Macomb County ( ) is a county located in the eastern portion of the U.S. state of Michigan, bordering Lake St. Clair, and is part of northern Metro Detroit. As of the 2020 Census, the population was 881,217, making it the third-most populous county in the state. The county seat is Mt. Clemens. Macomb County is part of the Detroit-Warren-Dearborn, MI Metropolitan Statistical Area. The city of Detroit is located south of the county's southern border. Macomb County contains 27 cities, townships and villages, including three of the top ten most-populous municipalities in Michigan as of the 2010 census: Warren (#3), Sterling Heights (#4) and Clinton Township (#10). Most of this population is concentrated south of Hall Road (M-59), one of the county's main thoroughfares.

History
The Ojibwe lived in the area for centuries before European contact and were preceded by other cultures of ancient indigenous peoples.

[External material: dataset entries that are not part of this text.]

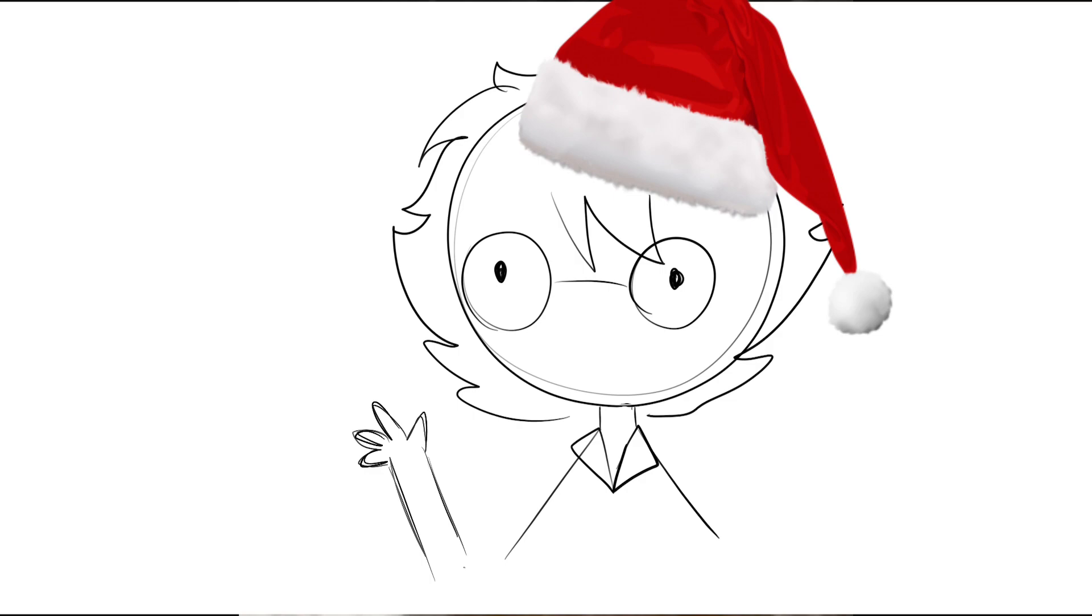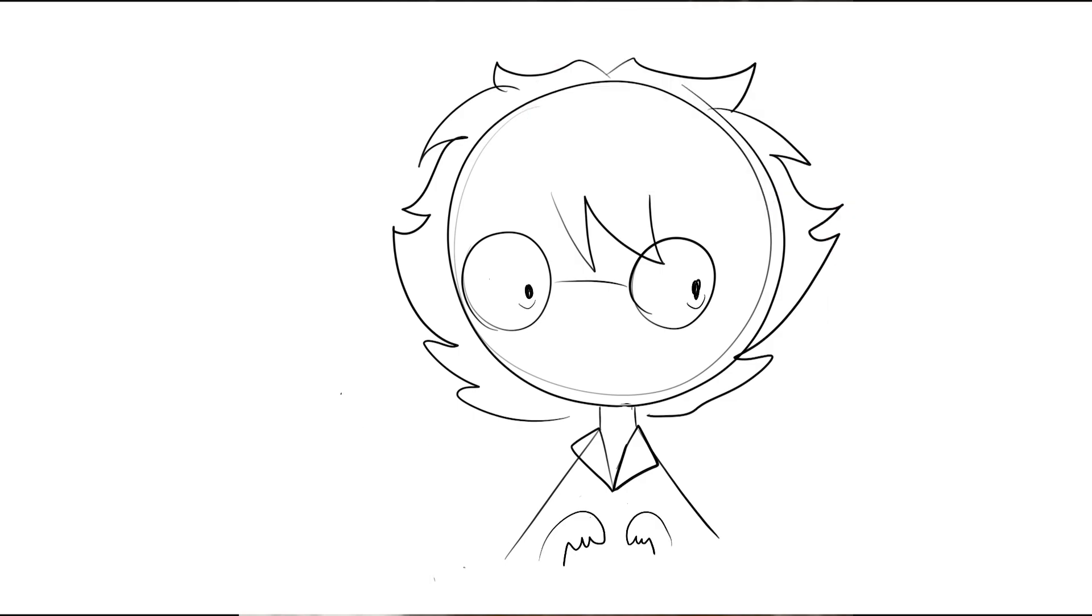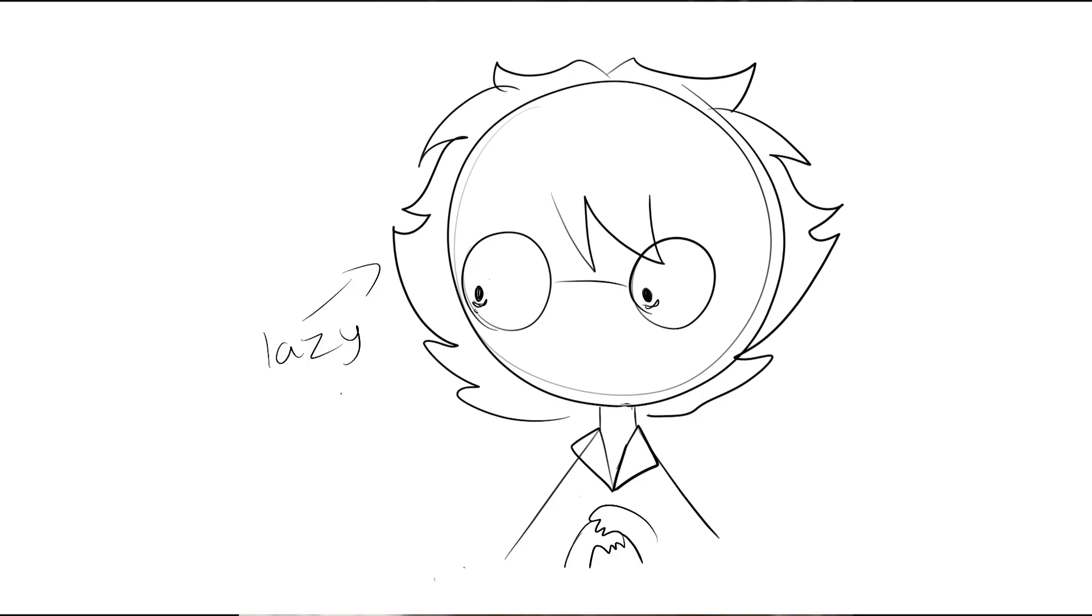If I have anything ready for Christmas tomorrow, I'll post it. But you know, for now I don't have anything.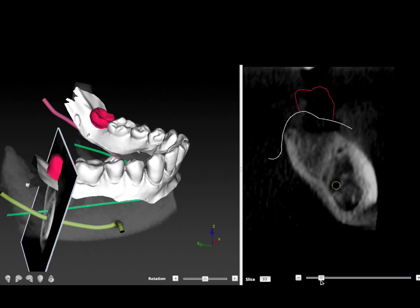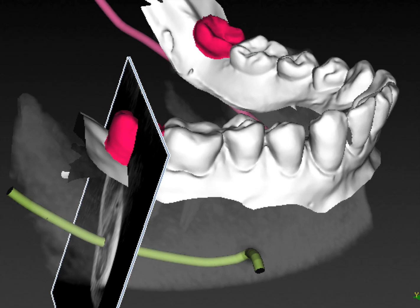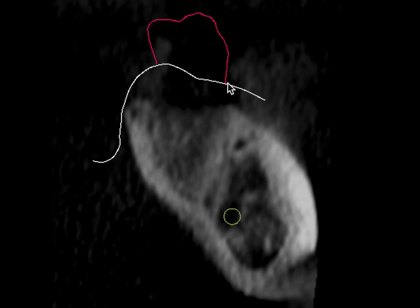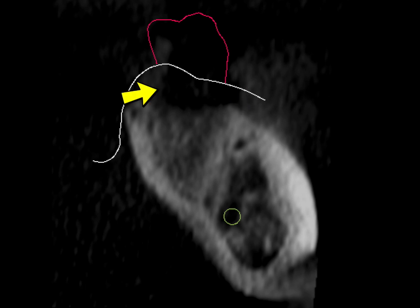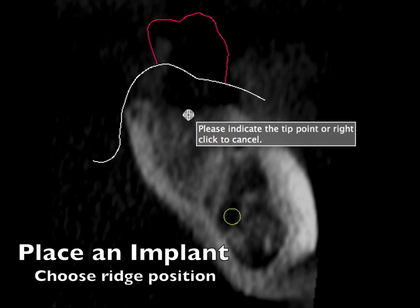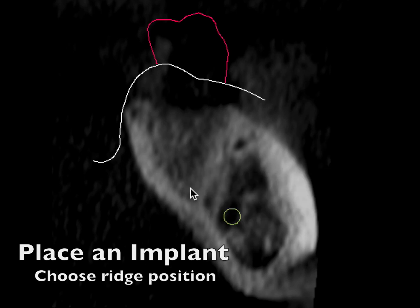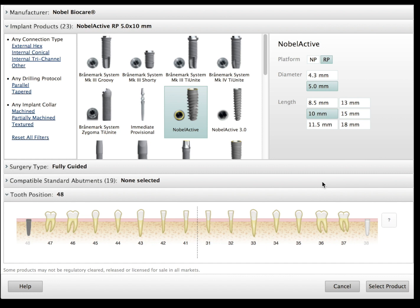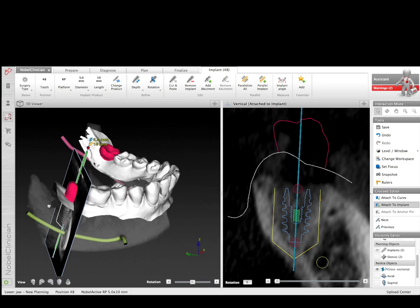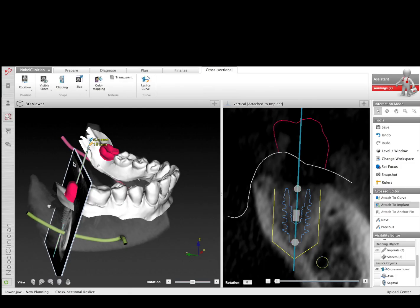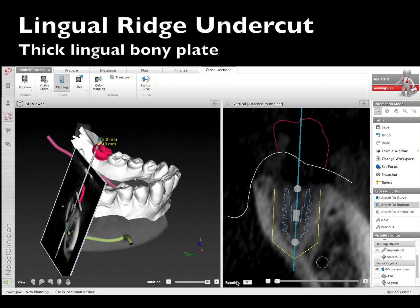The neat thing about this software is we can angle it to the root and then move back into the area where we're going to place the implant. This allows us to have a cross-sectional view of where we want the crown to be and also the soft tissue thickness on the buccal versus the lingual — there's a lot more tissue on the lingual in this case. We're going to place an implant by choosing a ridge position, picking two spots, and this allows us to pick an implant instantly. We're going to pick a Nobel Active — the 5.5 will be available soon, but today we'll use the 5.0.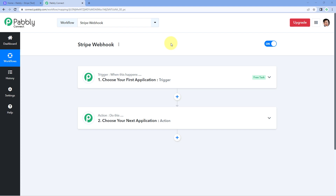Hello and welcome to Pavli Connect. In this video I'm going to show you how you can set up a Stripe Webhook for a particular product inside Pavli Connect. By setting up a Stripe Webhook we can get the payment details of all products inside Pavli Connect by selecting Stripe in the trigger window. But what if you want to set up an automation workflow for a particular product only — for example, to send a WhatsApp confirmation message when a customer buys a specific product and not for the rest.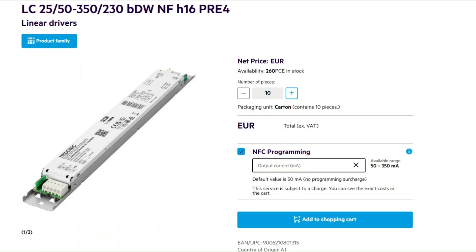You find a field for entering the desired output current, and right next to it information that tells you the available range to choose for this product. If you do not enter any value in the field, the driver will be delivered with its default output current value, which is always the minimum value of the available range. In this case, there will of course be no charge for configuration.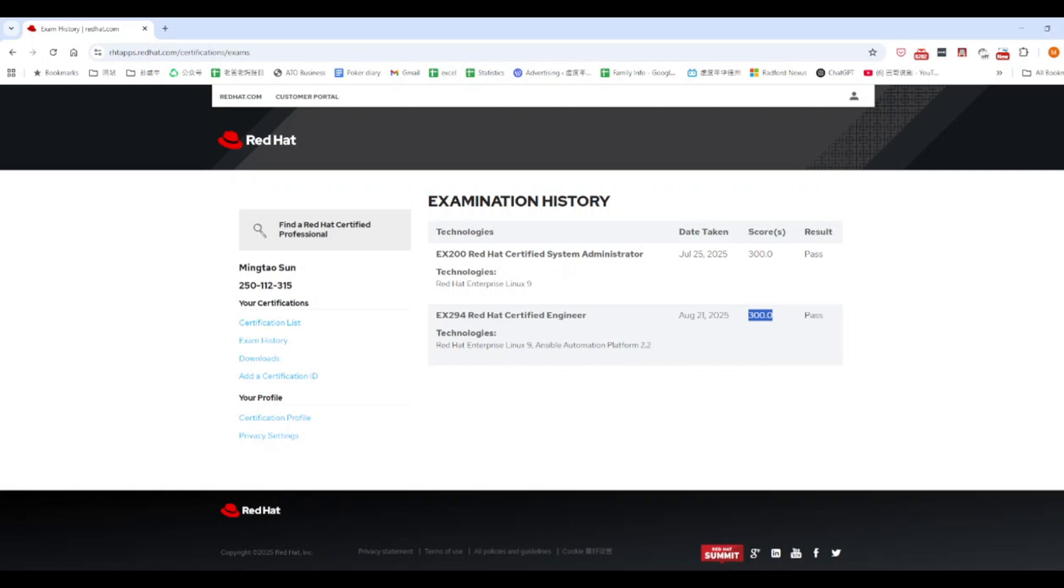Hello everyone, I did it again. I passed the RHCE exam today with a perfect score, 300 out of 300, just four weeks after passing the RHCSA exam, also with a perfect score.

The first European colonizers were French, and they arrived in the area during the 17th century. Other early settlers were French fur trappers, who sometimes married Ojibwe women, and Jesuit missionaries. A Moravian colony was established in the county in the late 18th century. In addition to the original French and English settlers, later immigrants included Germans, Belgians, and others from Europe.  In the 19th century, the county received many European-American migrants from New York and New England, who were attracted to the area for land and booming jobs in the lumber and other resource industries.

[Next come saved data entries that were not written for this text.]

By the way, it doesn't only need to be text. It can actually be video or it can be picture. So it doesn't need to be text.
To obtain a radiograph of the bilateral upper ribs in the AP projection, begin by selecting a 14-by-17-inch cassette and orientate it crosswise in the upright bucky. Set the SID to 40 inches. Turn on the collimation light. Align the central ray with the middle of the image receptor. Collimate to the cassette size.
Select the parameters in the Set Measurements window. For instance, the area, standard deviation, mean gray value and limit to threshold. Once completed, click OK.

Macomb County was formally organized on January 15, 1818, as the third county in the Michigan Territory. The county was named in honor of Detroit-born Alexander Macomb, Jr., a highly decorated veteran of the War of 1812 and hero of the Battle of Plattsburg. He was made Commanding General of the U.S. Army in 1828.

As was typical in development, the county at first encompassed a much larger area than at present. As population increased in the area, the state legislature removed territory in 1819 and 1820 to form the counties of Oakland, Lapeer, Genesee, and St. Clair.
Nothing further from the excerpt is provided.